• Instructions for the task:
Without reproducing any image, print the listing below exactly.

• Exercise data:
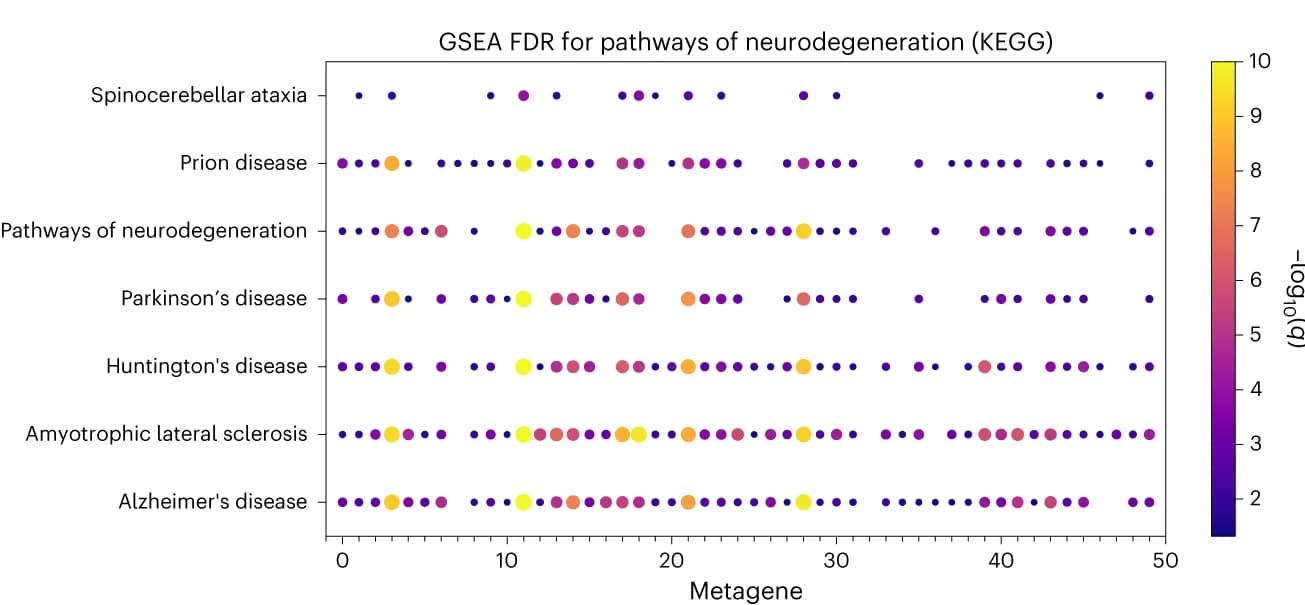 Open access visualization of Bubble Plot, FDR, Neurodegeneration, Pathway, Metagene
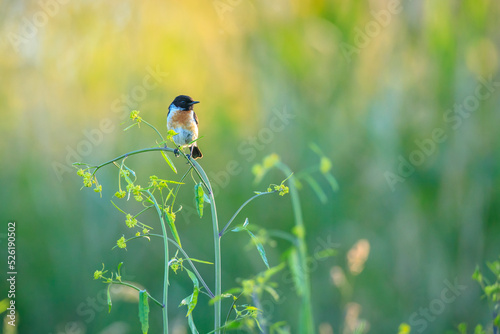 Stonechat, Saxicola rubicola, bird perching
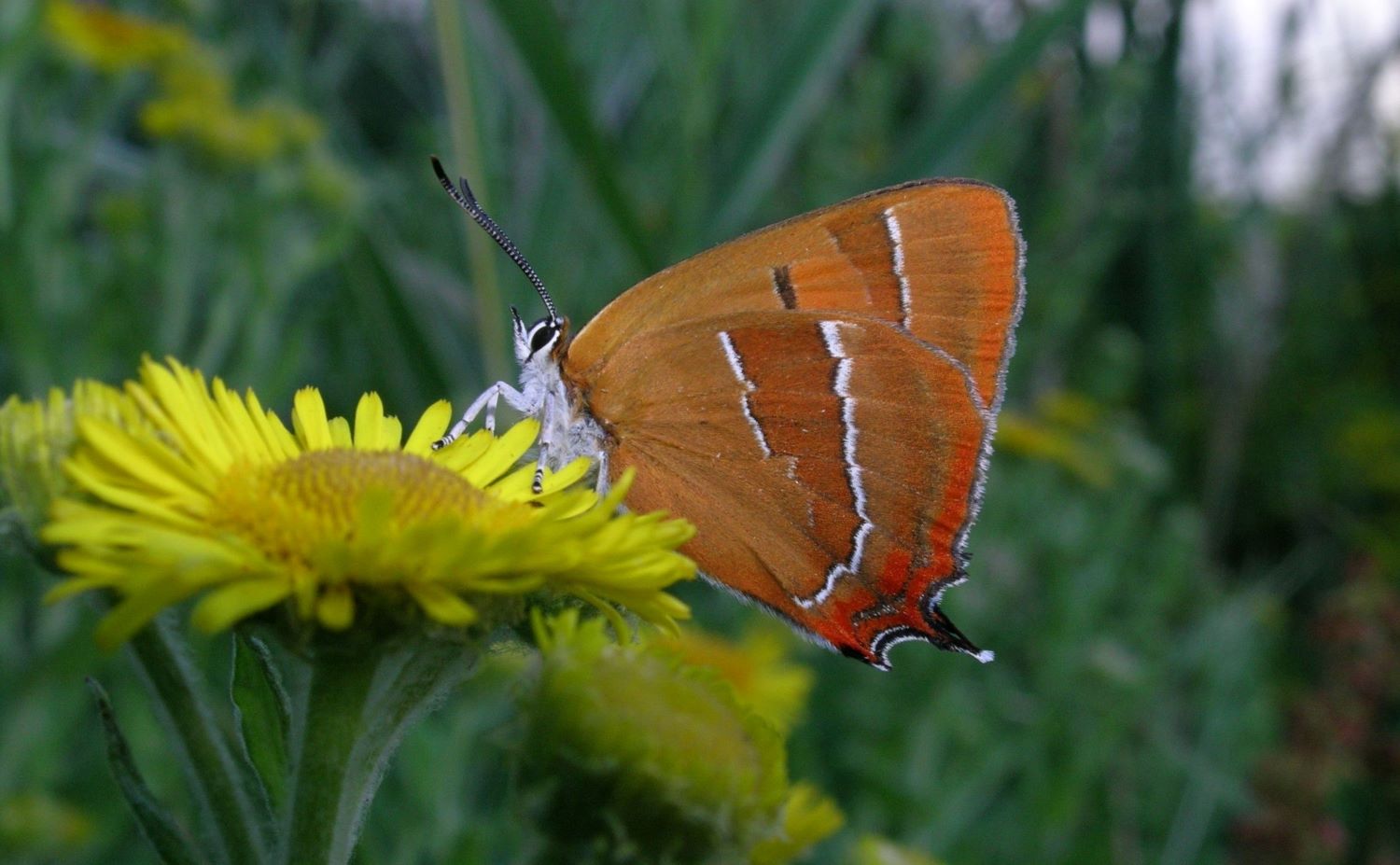 Big Butterfly Count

• Result:
 Open access visualization of Bubble Plot, FDR, Neurodegeneration, Pathway, Metagene
 Stonechat, Saxicola rubicola, bird perching
 Big Butterfly Count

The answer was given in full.